Contracts entered into through private negotiation are typically called off-exchange or Over-The-Counter (OTC) derivatives. OTC markets allow the creation of products whose risk-return characteristics closely match the needs of individual customers. Additionally, OTC markets address privacy concerns when participants do not want the terms of their trade or prospective trade advertised to the broader market.
When dealing in OTC markets, brokers typically quote custom derivative products to dealers via phone or instant messaging. This conventional method has many disadvantages. For example, when instant messaging a product to a group of dealers (traders), not every dealer will receive the product at the same time, which creates unfair advantage to those dealers who receive the product first. Also, when a product is sent to a dealer, the dealer does not immediately know if the product is new or is an update of a previous product. Further, brokers often send products out in varying formats, so that the dealer must then reformat the product information into a format that can be incorporated into the dealer's analysis system. In this regard, dealers must be able to quickly analyze a large amount of data, and thus having to compose product data into spreadsheets or otherwise reformat the data before any analysis begins is a clear disadvantage.
In OTC markets, traders are faced with the burdensome task of gathering, deciphering and consolidating all information on quoted products. In this regard, traders deal with products coming from multiple brokers and in differing formats. Also, traders conventionally have no dynamic, aggregated view of the market across brokers that updates in real-time as markets move. If the trader is away from his desk or otherwise busy, it is difficult to catch up on market events.
Another disadvantage of OTC markets is that dealers have a difficult time performing market-to-market portfolio valuation which is required to monitor profit and loss and risk exposure because of the OTC market's lack of a centralized source for current and historical prices.
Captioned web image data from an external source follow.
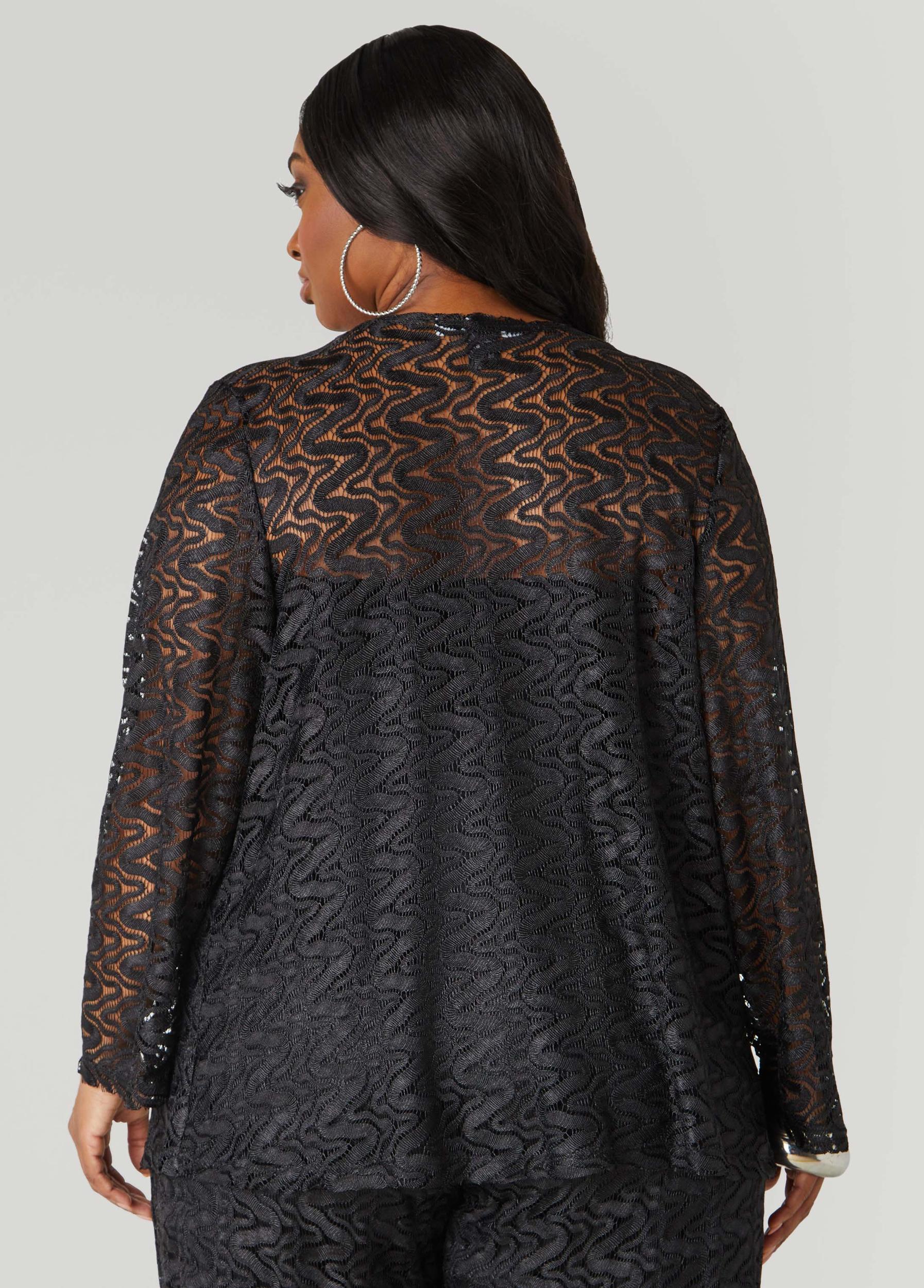 Plus Size Wide Leg Lace Pants Ashley Stewart Product Image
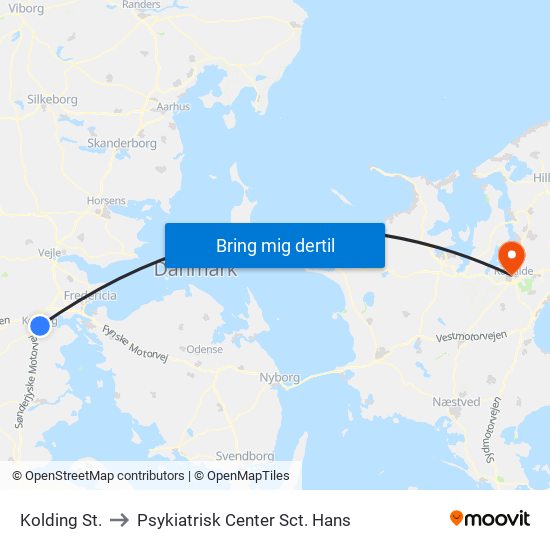 Kolding St. to Psykiatrisk Center Sct. Hans map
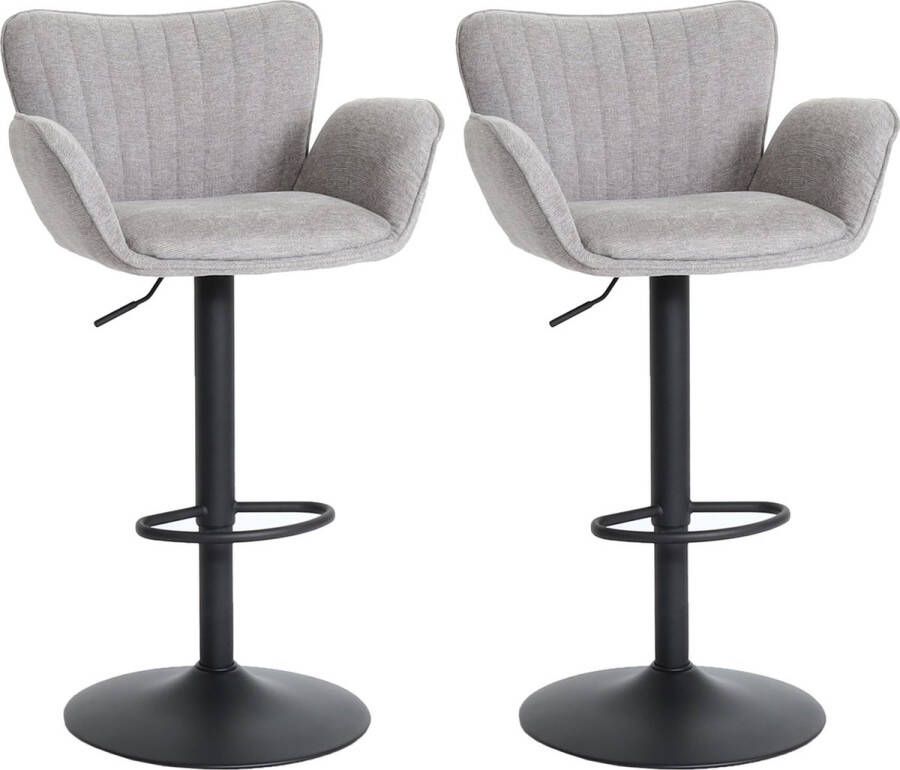 Cosmo Casa Set van 2 Barkrukken 360° Draaifunctie Luxe Comfort Elegant Design Metaal Grijs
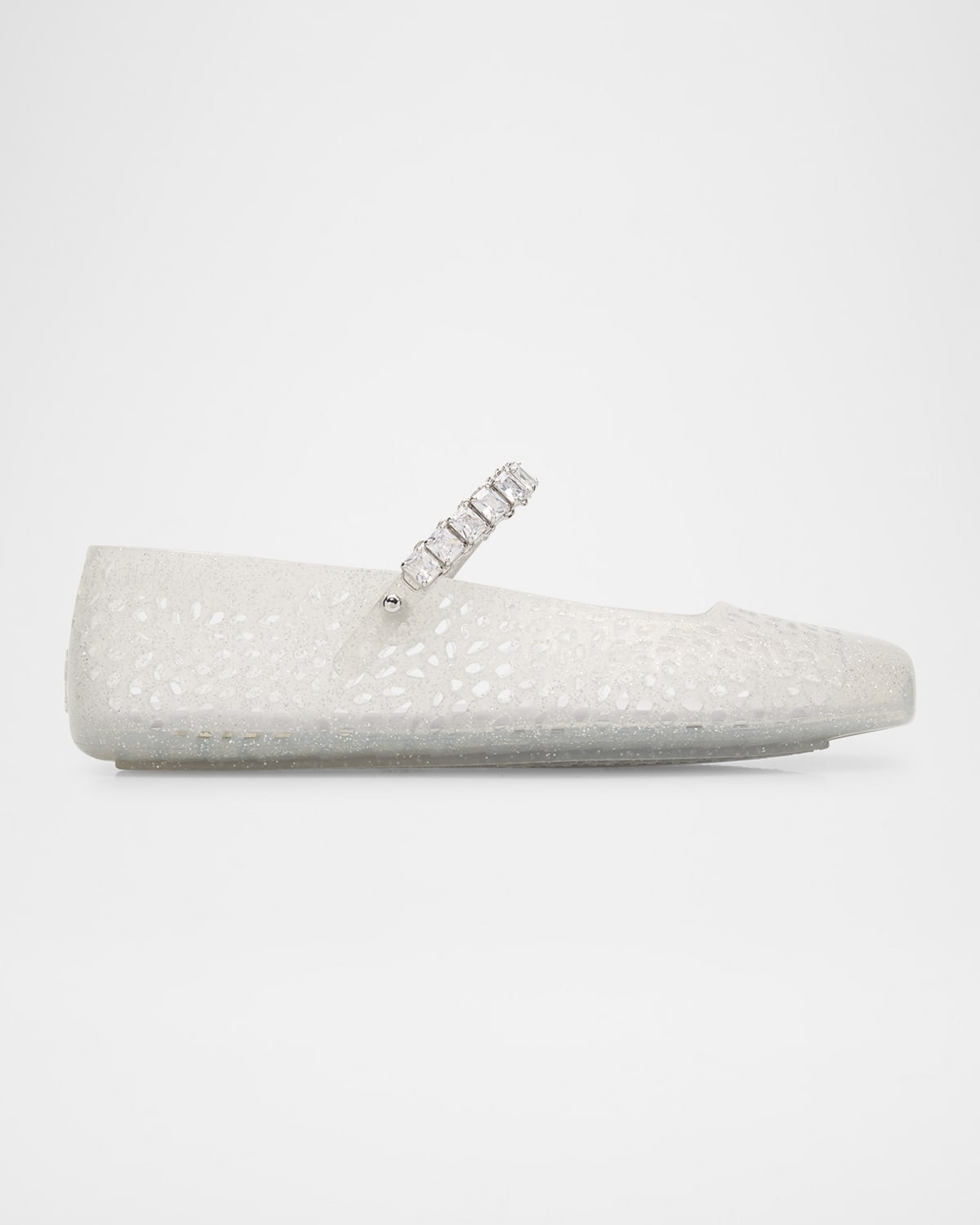 The Jelly Glitter Crystal-Strap Ballerina Flats | Neiman Marcus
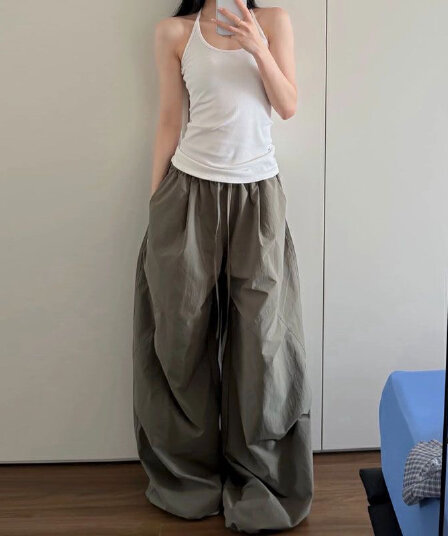 차가운 센스 속도 건조한 ins 여름 레트로 아메리칸 느긋한 바람 패치워크 펌프 Pleat 넓은 다리 루즈핏 얇은 스타일 캐주얼 바지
Further, corporate scandals demand OTC market participants have an independently auditable accounting system that marginalizes instances of non-representative pricing and data manipulation.
In general, OTC markets offer difficulties to all parties involved in such markets. For example, dealers do not have access to data for obtaining current prices of financial products or for testing trading models. Profit and loss and risk management personnel do not have access to data for price verification or to update the value of a portfolio. Further, in OTC markets, it is difficult to maintain records for compliance or for settlement of disputes.
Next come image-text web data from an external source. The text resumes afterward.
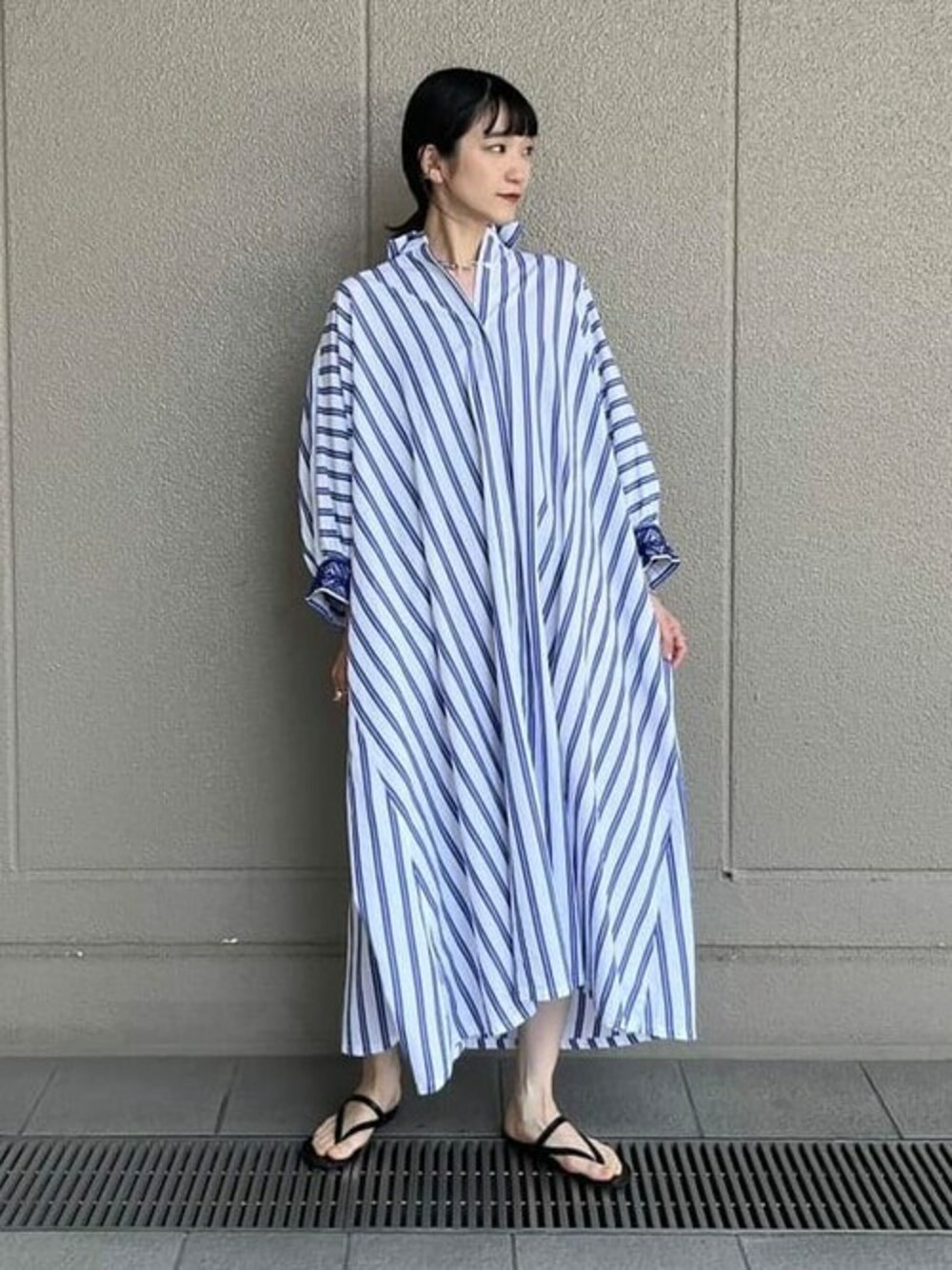 ne Quittez pas 別注 エンブロイダリー シャツワンピース ne Quittez pas × Demi-Luxe BEAMS / ヌキテパ 別注 ストライプ エン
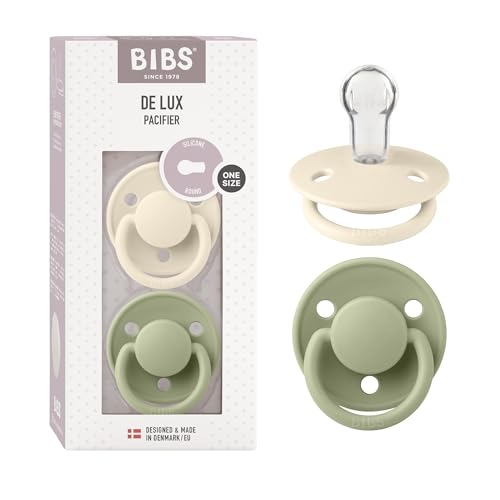 Bibs, Dwupak De Lux, Smoczek uspokajający, silikonowy, One Size, 0 36m, Ivory & Sage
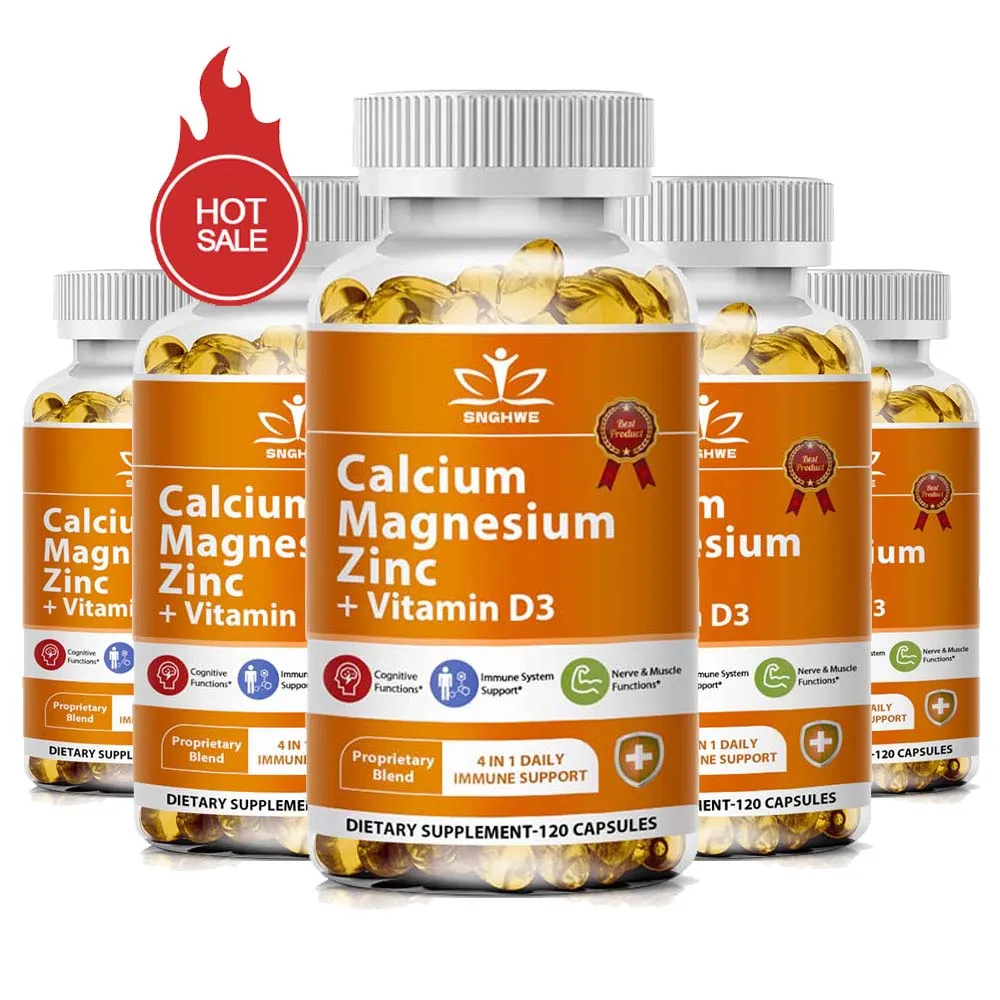 

5X Calcium Magnesium Zinc Vitamin D3 Capsules for Promotes Bone&Muscle&Nervous System Health Cell Growth Increase Immunity Diet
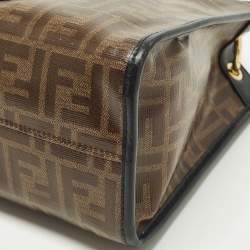 Pre Owned Fendi Runaway Small Zucca Coated Canvas and Leather Tote 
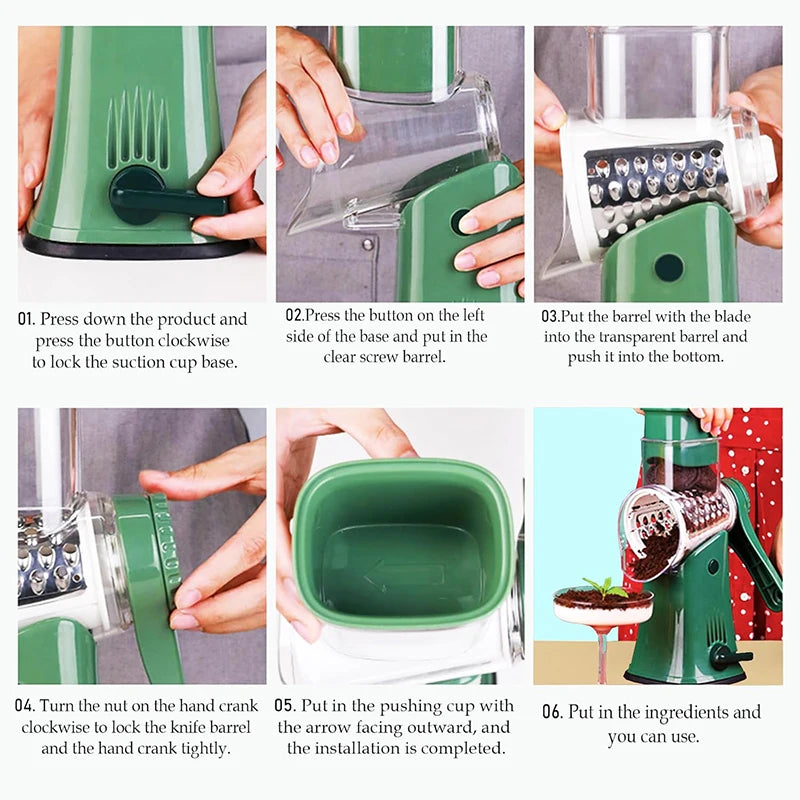5 in 1 Rotary Cheese Grater Shredder Kitchen Mandoline Chopper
Weather derivatives are one type of derivative typically exchanged in OTC markets. A weather derivative is a financial product whose payoff is based on a specified measured weather metric and is used to hedge the financial impact of weather fluctuations. Utility companies, such as individual power and utility companies, typically use weather derivatives as price and volumetric hedges to smooth their earnings. Other entities that use weather derivatives includes banks, hedge funds and re-insurance companies, to name a few.
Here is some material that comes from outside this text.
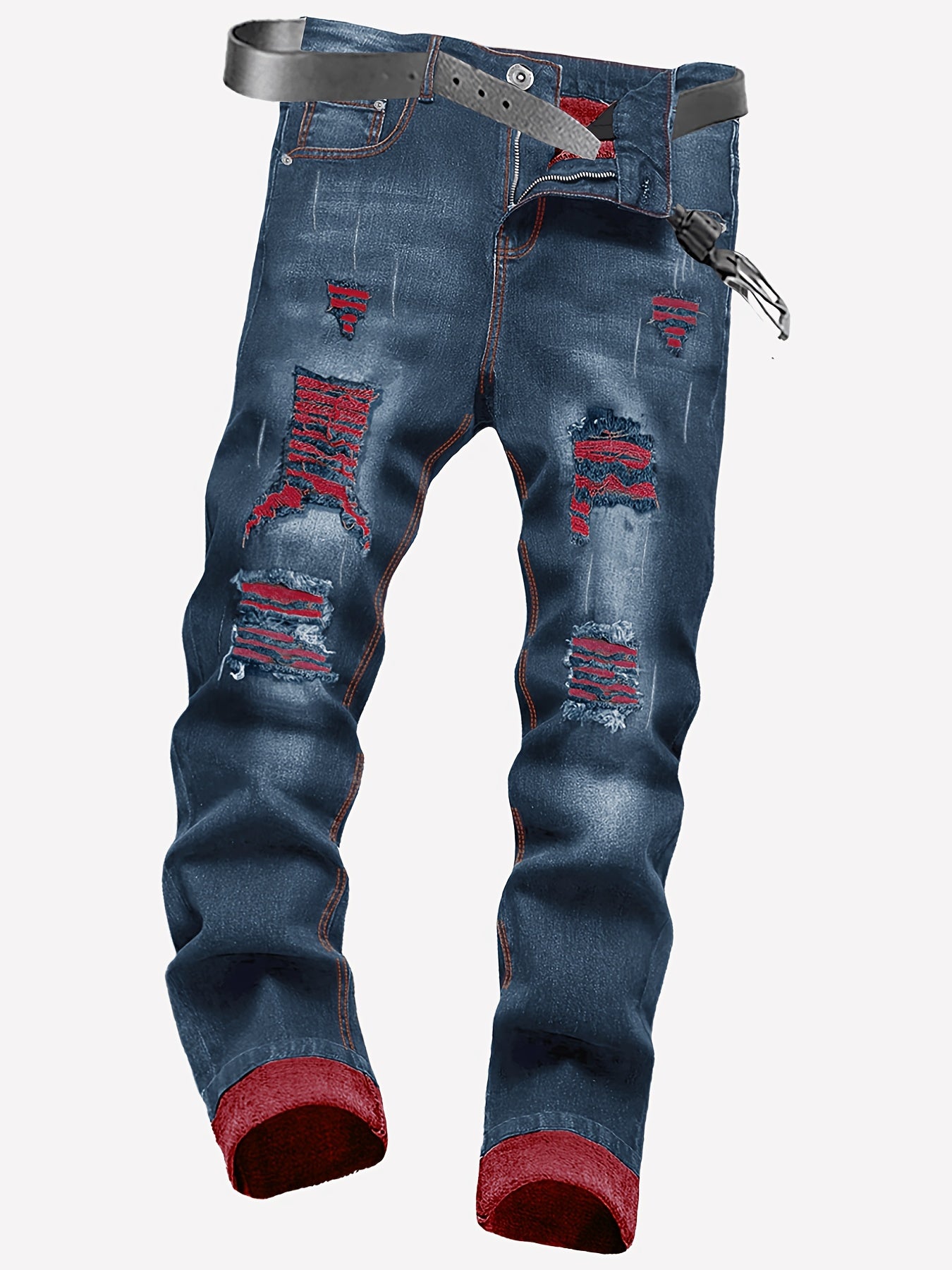 2pcs Men's Slim Fit Distressed Ripped Jeans | Classic Stretch Denim Pants, Trendy Casual Versatile Outfits
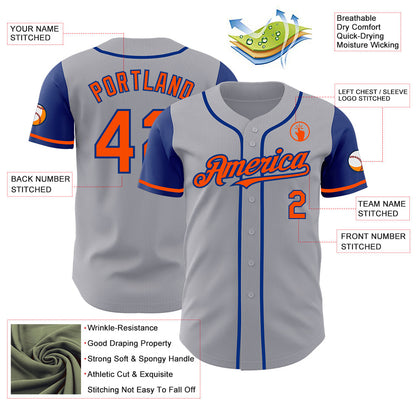 Custom Gray Orange-Royal Authentic Two Tone Baseball Jersey - Sky-Custom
Just as an option on a commodity has as its underlying asset the price of a futures contract, a weather derivative has as its underlying “asset”, a weather measure. A majority of weather derivatives traded in the U.S. are based on Heating Degree Days (HDD) or Cooling Degree Days (CDD), which are two different measures of temperature. An HDD is the number of degrees by which the day's average temperature is below a base temperature (usually 65 degrees Fahrenheit), while a CDD is the number of degrees by which the day's temperature is above the base temperature. Most weather contracts are written on the accumulation of HDDs and CCDs over a calendar month or a season so that one contract can hedge against revenue fluctuations over the concerned period. Weather derivatives can also be based on precipitation, humidity, wind speed or any other measurable weather metric
In general, there are three types of temperature derivatives, namely, futures/forward, swaps, and options. Besides the underlying variable HDD and CDD, a weather contract must specify such basic elements as the accumulation period, the underlying variable (weather metric) to be measured, the index station, or stations, which records the metric used to construct the underlying variable (typically, an airport), the tick size, i.e., the dollar amount attached to each unit of the underlying variable, and the strike price.
Although weather derivatives are effective hedging tools for energy and utility companies, they suffer the same disadvantages as other OTC derivatives. Accordingly, there is a need for a virtual OTC exchange that allows brokers and traders to input and track updates on financial products in real time and that provides an individualized communication protocol between each broker and trader, and allows a trader to view all current OTC quoted markets in a single consolidated screen.